[[ PROVIDED RECORDS open ]]
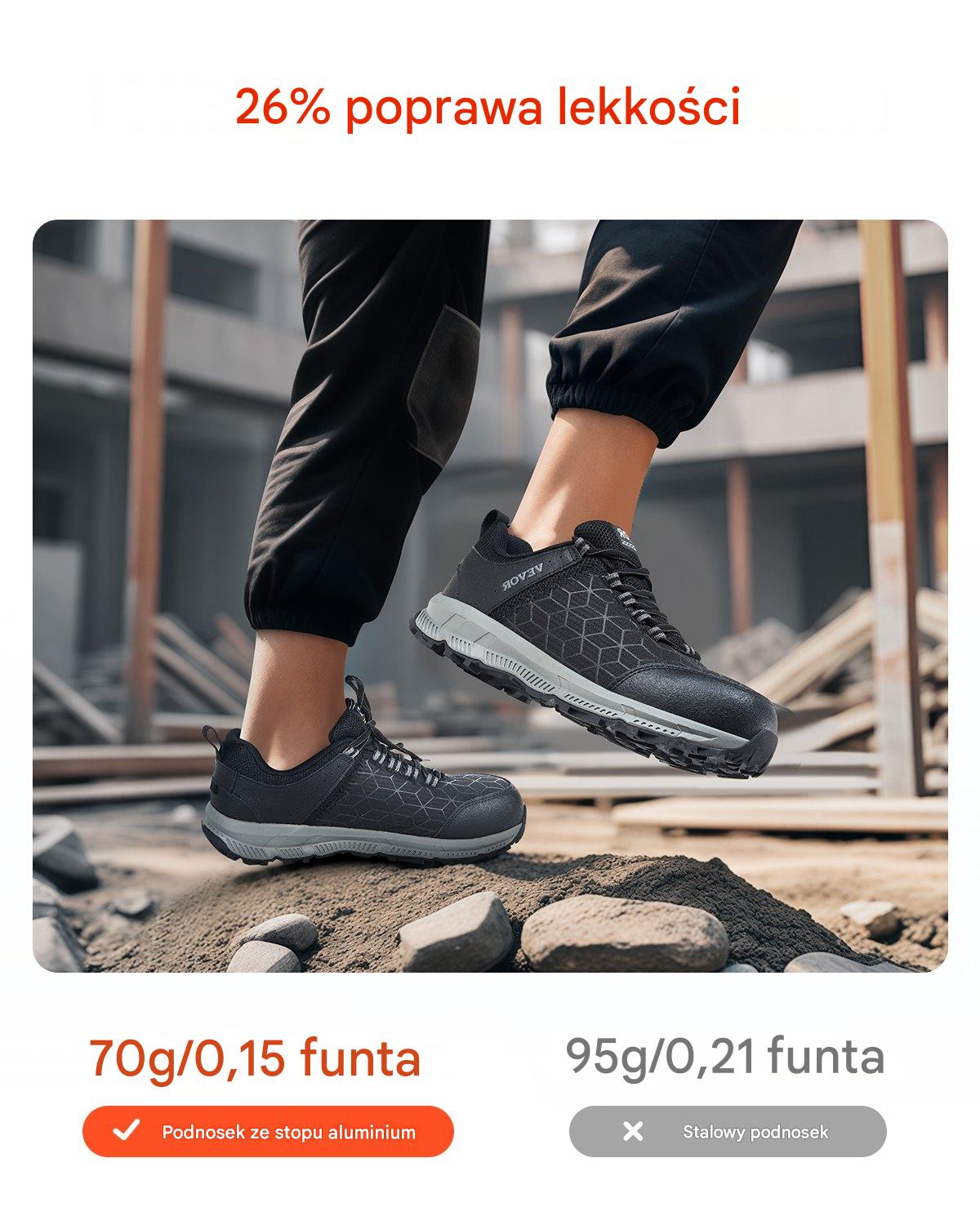 Buty Robocze Ochronne Męskie Półbuty BHP Wodoodporne Antypoślizgowe 47 - obrazek 2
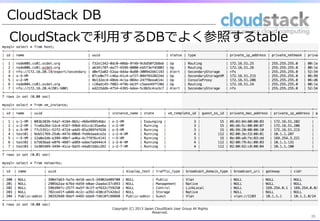 CloudStack  DB
20	
CloudStackで利利⽤用するDBでよく参照するtable
20	
Copyright  (C)  2013  Japan  CloudStack  User  Group  All  Rights  
Reserved.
[[ PROVIDED RECORDS closed ]]
▶ WHAT IS NEEDED: In the material above, find the line with "Copyright  (C)  2013"; then retype it and every line after it through the last, exactly as written.

▶ RESPONSE TO THIS EXERCISE:
Copyright  (C)  2013  Japan  CloudStack  User  Group  All  Rights  
Reserved.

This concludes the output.